A spate of bond defaults in the troubled offshore and marine services sectors has led to the introduction of an insurance scheme for bond investors in Singapore.
Many bondholders in these sectors hit by defaults are individual investors, such as middle-aged Singaporeans looking to grow their retirement nest egg. They approached the Securities Investors' Association of Singapore (SIAS) for help, which proposed insurance as a way to cushion the blow of defaults.
The SIAS, together with Rajah & Tann law firm, has forwarded a proposal to the Monetary Authority of Singapore (
MAS), requiring bond issuers to purchase an insurance policy at the time of issuance in order to protect investors in case of a default, reports the
Business Times.
In case of a default, the insurance payout will be used to pay for calling meetings, as well as legal and advisory fees. These costs, which can range from SGD100,000 to SGD500,000, are usually shouldered by bondholders.

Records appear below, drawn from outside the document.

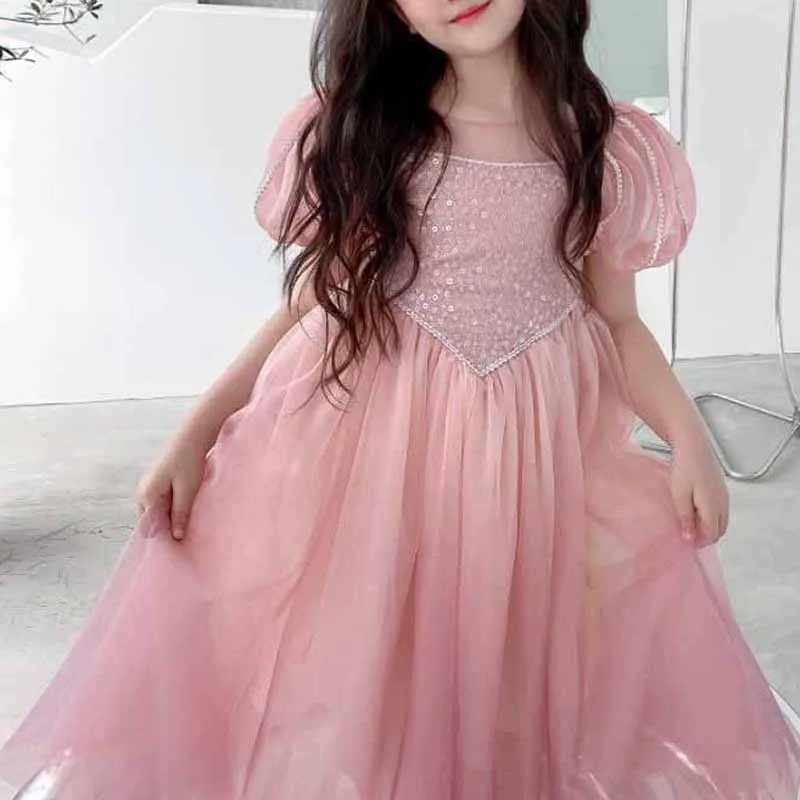 Fall Autumn Girls\'  Princess Dress Puff Sleeves Birthday Dress Sequins Shiny Outfits Performance Costume Kids Children\'S Clothes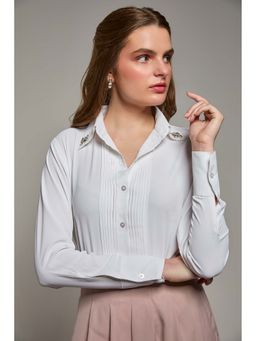 Torsha - White Polyester Midnight Bloom Shirt for Women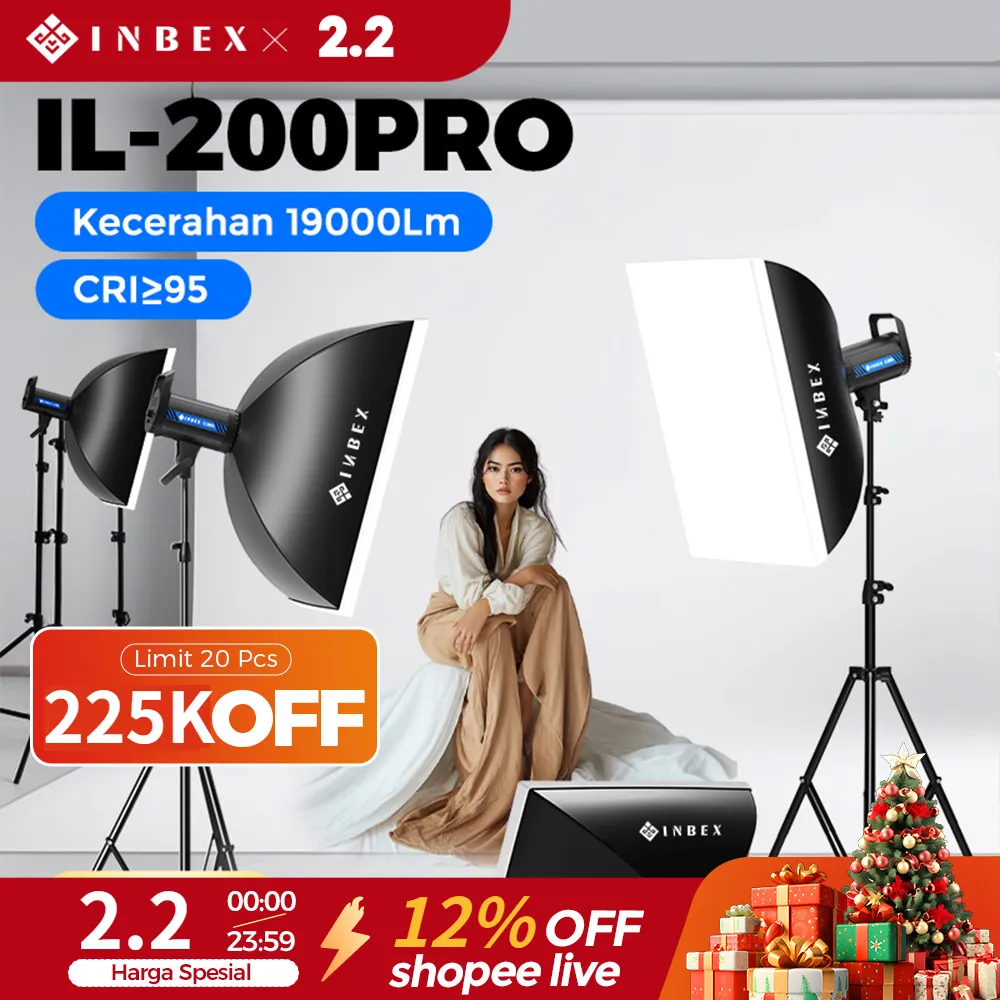 INBEX IL-200PRO Profesional Lampu fotografi Fill Light Aluminium Cahaya Studio Fotografi Cahaya Isi Studio+remote/Pembuatan Konten/Streaming -COB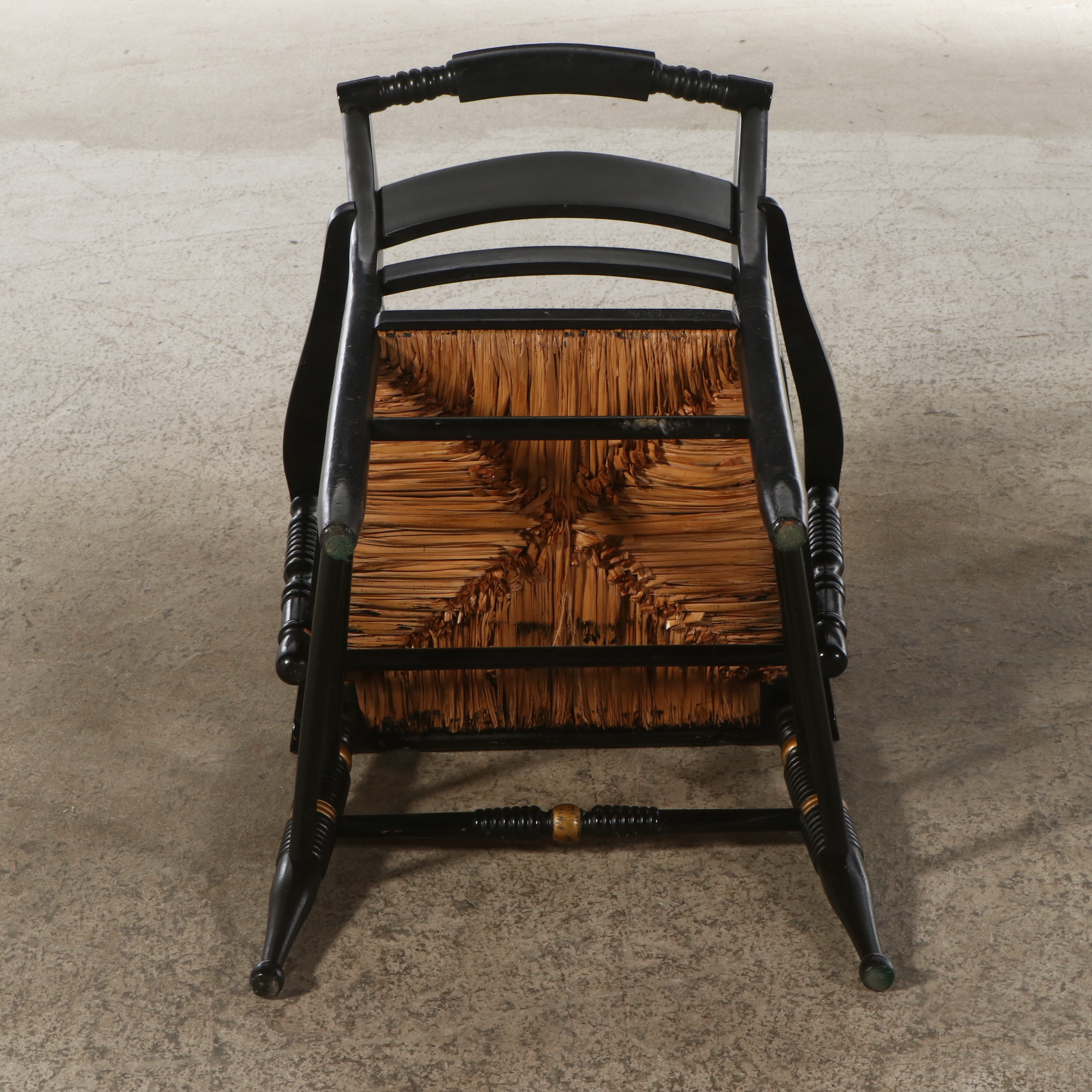 Hitchcock Style Ebonized Wood and Stencil Decorated with Rush Seats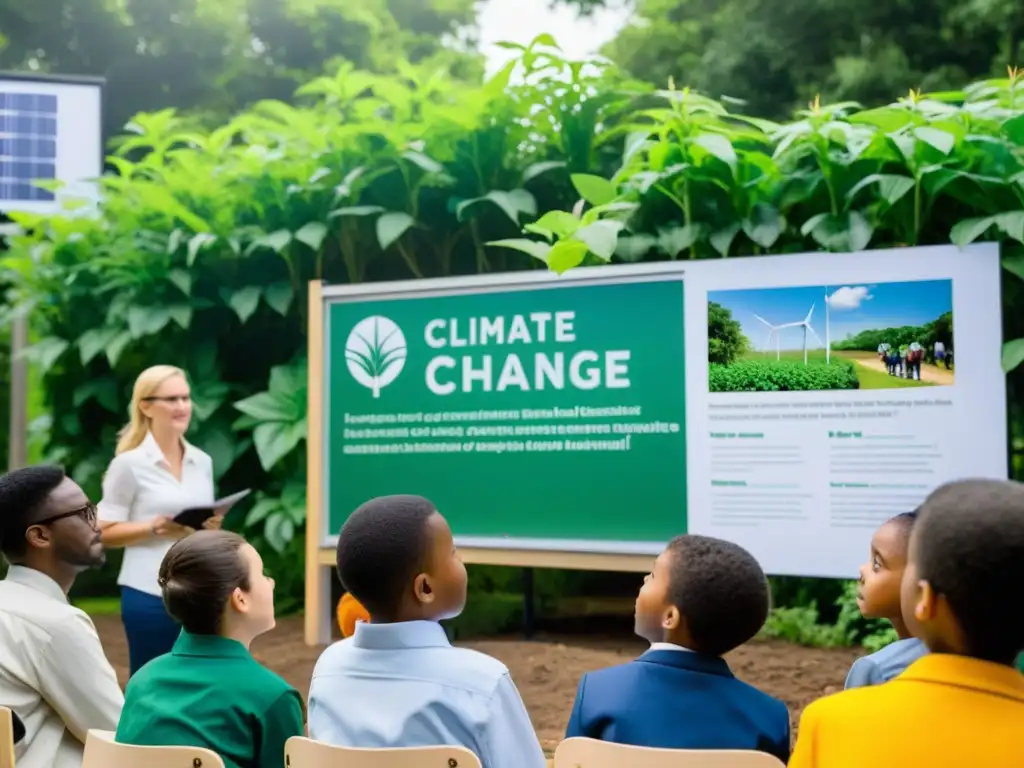 Profesor y estudiantes aprenden sobre estrategias de mitigación del cambio climático en un entorno natural y sostenible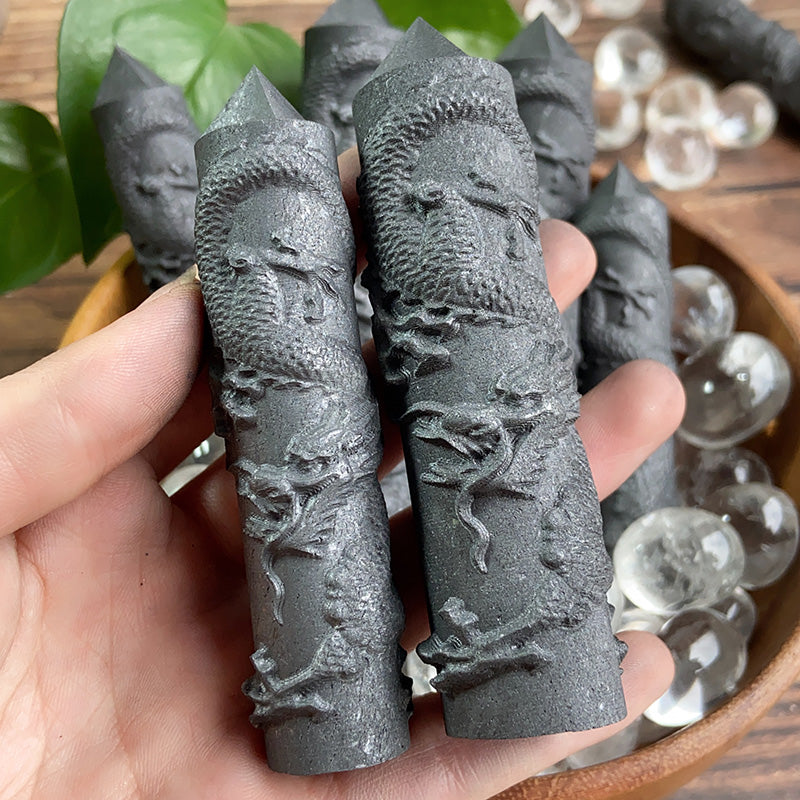 Shungite With Dragon Carvings Tower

The call follows several bond defaults of offshore- and marine-services firms weakened by an extended commodity slump. This damaged the firms’ cash flow and the ability to pay their debts.
SIAS president David Gerald told BT: “Where can bondholders who are in distress get the money to cover their legal costs and so forth? They also have difficulties coming together with others in the same predicament. Their predicament is heightened as trustees of these bond issues are not able to assist them either.
“There has to be a mechanism through which retail bondholders won't be stranded in a default event.”